▸ Exercise instructions: If a line below contains "Paperback", count it; then state how many such lines there are, and nothing else.

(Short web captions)
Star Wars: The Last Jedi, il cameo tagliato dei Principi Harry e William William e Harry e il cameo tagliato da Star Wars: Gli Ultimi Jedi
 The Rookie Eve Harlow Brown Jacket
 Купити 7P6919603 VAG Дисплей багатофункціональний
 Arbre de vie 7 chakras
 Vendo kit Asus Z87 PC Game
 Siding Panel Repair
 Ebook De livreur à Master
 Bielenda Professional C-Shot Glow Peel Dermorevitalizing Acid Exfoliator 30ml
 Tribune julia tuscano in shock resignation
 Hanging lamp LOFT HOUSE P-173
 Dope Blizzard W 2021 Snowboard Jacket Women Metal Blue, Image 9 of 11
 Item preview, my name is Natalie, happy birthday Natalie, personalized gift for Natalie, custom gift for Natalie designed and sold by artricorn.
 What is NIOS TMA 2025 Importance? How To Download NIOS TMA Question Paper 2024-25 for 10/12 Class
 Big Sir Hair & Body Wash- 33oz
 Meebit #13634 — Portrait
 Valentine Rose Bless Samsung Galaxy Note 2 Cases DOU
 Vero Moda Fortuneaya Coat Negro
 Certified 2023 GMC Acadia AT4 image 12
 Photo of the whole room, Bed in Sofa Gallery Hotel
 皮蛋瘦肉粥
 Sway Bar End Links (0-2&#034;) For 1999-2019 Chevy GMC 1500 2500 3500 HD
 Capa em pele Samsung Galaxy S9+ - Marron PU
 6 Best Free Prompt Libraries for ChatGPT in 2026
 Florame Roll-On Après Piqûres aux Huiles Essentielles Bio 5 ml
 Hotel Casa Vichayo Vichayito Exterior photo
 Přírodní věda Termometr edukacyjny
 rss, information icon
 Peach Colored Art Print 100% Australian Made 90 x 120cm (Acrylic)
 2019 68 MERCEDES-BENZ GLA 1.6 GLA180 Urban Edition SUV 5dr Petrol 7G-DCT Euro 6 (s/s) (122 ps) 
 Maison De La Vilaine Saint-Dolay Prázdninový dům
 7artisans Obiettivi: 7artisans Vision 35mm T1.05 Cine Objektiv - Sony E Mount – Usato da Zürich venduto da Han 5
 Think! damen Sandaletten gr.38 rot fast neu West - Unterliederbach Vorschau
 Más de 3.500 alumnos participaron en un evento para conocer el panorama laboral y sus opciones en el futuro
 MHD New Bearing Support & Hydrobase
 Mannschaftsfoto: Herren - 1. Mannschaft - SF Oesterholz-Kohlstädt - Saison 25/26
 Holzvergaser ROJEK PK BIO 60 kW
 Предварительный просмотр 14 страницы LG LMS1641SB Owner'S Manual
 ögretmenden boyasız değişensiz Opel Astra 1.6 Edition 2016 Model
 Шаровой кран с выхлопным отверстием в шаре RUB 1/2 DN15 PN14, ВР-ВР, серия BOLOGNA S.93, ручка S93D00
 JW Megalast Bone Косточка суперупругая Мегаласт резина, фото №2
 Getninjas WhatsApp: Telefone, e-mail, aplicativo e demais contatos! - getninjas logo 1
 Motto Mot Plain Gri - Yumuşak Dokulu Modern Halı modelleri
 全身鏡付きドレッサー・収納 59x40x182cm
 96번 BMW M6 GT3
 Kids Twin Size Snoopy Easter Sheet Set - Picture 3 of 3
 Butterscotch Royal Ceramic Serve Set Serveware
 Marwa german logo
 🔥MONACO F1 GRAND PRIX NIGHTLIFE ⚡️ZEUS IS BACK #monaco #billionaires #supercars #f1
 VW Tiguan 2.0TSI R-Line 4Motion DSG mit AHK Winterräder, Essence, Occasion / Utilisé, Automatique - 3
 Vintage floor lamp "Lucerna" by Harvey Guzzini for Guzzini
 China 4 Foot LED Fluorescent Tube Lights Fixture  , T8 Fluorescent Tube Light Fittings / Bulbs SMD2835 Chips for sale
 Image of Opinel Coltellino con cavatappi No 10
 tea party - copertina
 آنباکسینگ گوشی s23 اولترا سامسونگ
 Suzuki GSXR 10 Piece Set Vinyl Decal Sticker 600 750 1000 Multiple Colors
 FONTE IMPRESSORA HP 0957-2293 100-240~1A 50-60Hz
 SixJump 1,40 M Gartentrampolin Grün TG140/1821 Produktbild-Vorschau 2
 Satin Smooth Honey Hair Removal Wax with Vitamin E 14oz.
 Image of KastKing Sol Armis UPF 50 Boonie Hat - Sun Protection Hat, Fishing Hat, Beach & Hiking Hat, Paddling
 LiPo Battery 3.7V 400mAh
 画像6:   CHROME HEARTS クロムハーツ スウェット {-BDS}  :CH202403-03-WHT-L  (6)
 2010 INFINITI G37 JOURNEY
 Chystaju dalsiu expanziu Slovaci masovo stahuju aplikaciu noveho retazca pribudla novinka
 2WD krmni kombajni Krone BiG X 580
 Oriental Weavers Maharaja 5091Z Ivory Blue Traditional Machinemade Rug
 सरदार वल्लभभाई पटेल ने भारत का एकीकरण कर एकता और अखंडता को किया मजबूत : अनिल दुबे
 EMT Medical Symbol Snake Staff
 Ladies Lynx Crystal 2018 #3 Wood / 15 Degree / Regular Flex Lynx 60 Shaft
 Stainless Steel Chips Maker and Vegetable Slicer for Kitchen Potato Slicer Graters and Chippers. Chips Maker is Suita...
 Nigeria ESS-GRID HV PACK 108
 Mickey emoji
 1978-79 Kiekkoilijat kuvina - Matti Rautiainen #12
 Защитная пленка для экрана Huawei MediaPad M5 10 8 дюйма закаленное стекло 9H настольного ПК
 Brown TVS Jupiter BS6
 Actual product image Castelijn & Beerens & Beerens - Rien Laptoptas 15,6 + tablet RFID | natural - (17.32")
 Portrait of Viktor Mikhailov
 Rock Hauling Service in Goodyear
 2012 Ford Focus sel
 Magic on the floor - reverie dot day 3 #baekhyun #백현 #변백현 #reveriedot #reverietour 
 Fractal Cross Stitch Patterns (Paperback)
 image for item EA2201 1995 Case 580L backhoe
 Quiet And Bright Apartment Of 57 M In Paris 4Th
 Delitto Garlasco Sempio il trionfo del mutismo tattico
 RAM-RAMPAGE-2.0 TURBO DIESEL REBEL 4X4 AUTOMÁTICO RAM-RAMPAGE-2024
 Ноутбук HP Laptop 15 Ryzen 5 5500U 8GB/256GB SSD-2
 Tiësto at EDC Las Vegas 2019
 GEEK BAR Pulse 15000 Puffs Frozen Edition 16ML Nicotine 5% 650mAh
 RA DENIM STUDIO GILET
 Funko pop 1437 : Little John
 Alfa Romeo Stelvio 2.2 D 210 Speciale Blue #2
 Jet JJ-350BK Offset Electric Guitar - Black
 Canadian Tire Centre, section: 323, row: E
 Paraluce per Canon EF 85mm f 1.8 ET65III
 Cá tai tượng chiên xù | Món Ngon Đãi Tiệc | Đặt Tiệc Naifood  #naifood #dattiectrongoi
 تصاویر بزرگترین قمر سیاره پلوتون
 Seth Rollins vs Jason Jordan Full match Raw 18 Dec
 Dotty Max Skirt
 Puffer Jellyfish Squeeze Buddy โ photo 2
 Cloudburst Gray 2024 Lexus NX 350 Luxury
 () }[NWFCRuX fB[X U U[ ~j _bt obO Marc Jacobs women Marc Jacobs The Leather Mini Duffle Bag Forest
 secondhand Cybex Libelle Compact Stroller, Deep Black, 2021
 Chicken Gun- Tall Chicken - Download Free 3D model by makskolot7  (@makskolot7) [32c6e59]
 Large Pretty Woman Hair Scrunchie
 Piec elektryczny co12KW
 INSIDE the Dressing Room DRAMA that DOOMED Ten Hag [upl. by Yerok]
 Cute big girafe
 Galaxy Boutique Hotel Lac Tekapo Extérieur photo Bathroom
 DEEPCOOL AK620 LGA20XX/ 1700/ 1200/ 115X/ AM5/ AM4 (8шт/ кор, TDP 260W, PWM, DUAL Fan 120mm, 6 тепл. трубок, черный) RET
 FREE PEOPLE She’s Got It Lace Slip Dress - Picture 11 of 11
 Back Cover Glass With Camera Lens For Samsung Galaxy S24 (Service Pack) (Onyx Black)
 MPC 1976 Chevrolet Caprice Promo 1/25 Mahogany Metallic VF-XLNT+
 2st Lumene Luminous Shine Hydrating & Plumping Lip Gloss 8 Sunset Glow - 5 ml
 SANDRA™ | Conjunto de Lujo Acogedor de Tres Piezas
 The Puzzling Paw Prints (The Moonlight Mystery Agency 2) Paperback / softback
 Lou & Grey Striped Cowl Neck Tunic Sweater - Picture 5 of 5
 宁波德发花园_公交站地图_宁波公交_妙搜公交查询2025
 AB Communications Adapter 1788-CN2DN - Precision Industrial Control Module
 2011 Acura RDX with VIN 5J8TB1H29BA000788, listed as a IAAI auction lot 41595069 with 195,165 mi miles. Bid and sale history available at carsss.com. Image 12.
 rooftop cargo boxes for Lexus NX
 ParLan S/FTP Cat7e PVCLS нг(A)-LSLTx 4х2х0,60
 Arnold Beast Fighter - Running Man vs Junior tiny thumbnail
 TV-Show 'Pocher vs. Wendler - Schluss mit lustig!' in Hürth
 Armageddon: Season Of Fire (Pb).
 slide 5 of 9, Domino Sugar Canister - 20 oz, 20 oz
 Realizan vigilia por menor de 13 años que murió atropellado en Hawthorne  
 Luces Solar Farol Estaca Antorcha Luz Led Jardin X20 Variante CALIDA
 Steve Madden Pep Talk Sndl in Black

▸ Exercise answer: 2